The rise of Italexit.
I am a young Italian student, conservative and eurosceptic, for all the reasons you can imagine and find below. I’ve been interested in political affairs since I was a child; now I see that Italian euroscepticism is rising, and there are more and more people talking about a possible Italexit. I will try to provide some information about what is going on here and what may happen in the future, even though I know that understanding foreign political affairs, especially Italian ones, is not that easy.
A great disappointment: the euro
“Europe always saves us”, affirm leftist Italian Europe-lovers. The reality is different, as the introduction of the single currency has not been very positive for the Italian economy. Indeed, it has lowered purchasing power, which puts the middle classes and smaller businesses in trouble. Since then, European policies have brought few advantages to Italy, even though the country is one of the top contributors and a founder of this Union.

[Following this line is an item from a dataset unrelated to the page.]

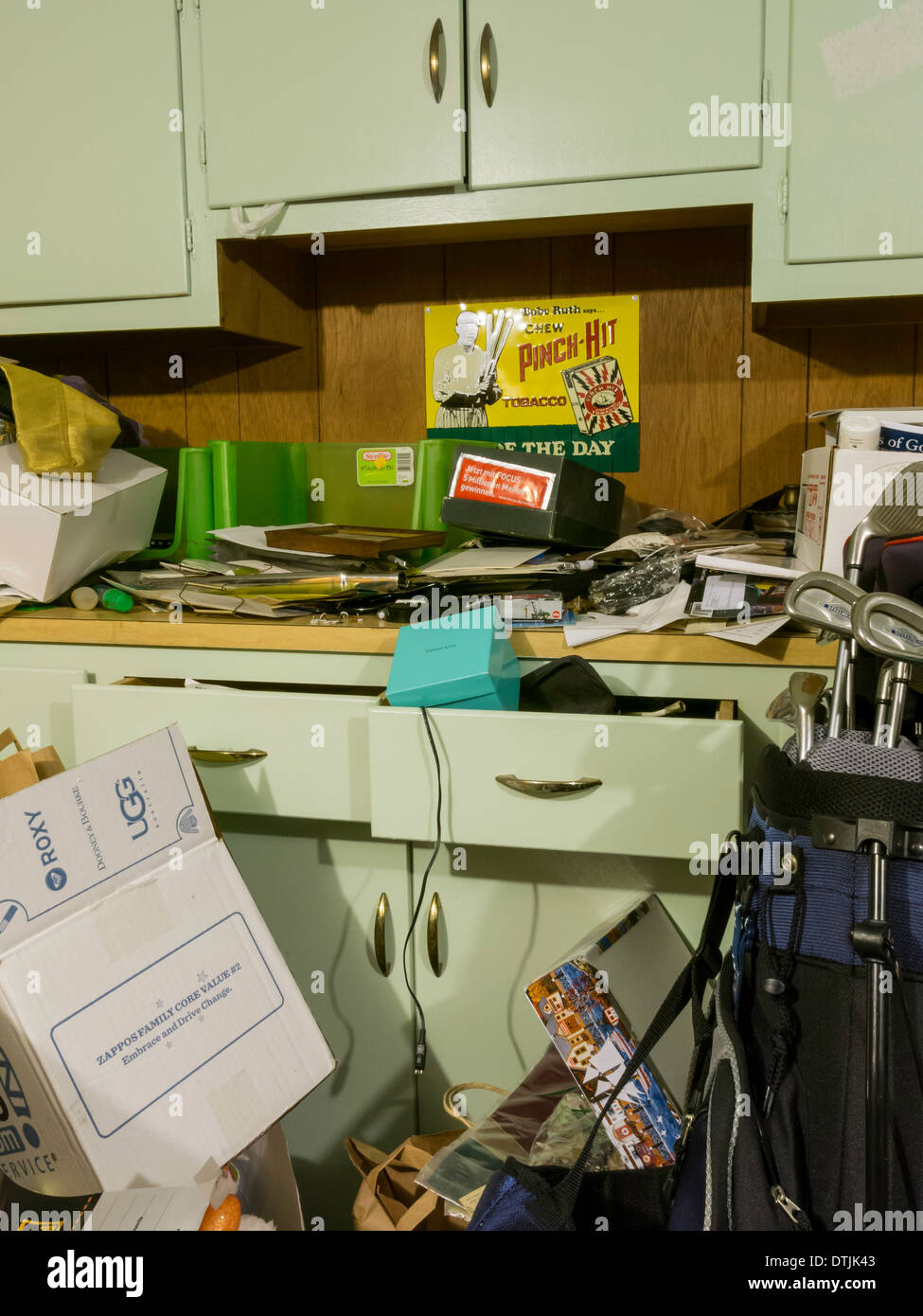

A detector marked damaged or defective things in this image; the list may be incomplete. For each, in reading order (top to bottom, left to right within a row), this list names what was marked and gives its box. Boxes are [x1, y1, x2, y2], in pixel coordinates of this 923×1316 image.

Other trouble from Brussels
Moreover, Rome has had a lot of trouble with irregular immigration from Africa, with European aid amounting to little more than kind words about “humanity” and good promises. Furthermore, European trading arrangements with several countries guilty of unfair competition (e.g. Tunisian olive oil) have put a lot of products made in Italy in serious trouble, along with their producers. Last but not least, the Covid-19 pandemic has nearly destroyed the Italian economy, with European aid arriving late and unsatisfying in many respects.

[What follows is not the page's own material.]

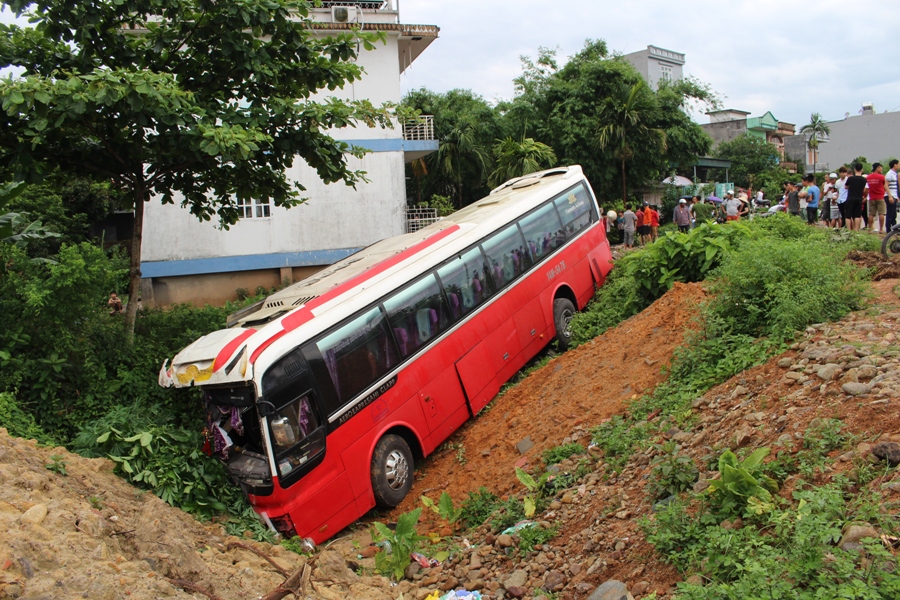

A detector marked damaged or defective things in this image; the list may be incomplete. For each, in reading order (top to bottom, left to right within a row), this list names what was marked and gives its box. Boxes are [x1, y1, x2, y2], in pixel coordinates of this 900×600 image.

crashed bus [160, 165, 612, 544]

Are there eurosceptic parties?
These are, in addition to the wave of enthusiasm provided by Brexit, which is one of the reasons why many Italians – especially the right-wing voters – are nearly done with the EU. But here come the difficulties. The Italian government are among the EU-lovers: the Democrats have always been in love with Brussels and the Five Stars, originally eurosceptic, changed their mind once they had a taste of power. The parties of the right, on the other hand, are not keen on making the great step. They are continuing their campaign for deep reform of European institutions from the inside, instead of proposing an exit.
Who actually backs Italexit?
So, what can be done by those who want to leave the European Union? The most popular political leaders who back the great leap out are now Gianluigi Paragone and Vittorio Sgarbi. The former is a close friend of Nigel Farage. Mr Paragone was once a member of Five Stars, and has just founded a new movement: Italexit. Its name is its goal. Of course, voters will need some time to get to know it well. The latter is a celebrity in Italy (he is also a famous art critic) and he is supporting a petition for a referendum like the British one in 2016. Remember: the Italian people never voted to join the EU or to adopt the euro. A referendum would be a huge win.
Looking to the future
The eurosceptic battle, however, has only just begun. Anything could happen, but what we must not ignore is that Italy, should it leave, would risk an economic disaster. The need to change the currency back would bring great risk of unemployment and inflation. Trade agreements with non-EU countries would be essential – why not one with the UK? On the other hand, gaining complete sovereignty in both economic and social policy would probably strengthen Italy in all areas. Once independent from the rules set in Brussels, Berlin and Paris, Italy would be a greater partner for the UK than it is today. We will just have to wait and see what happens.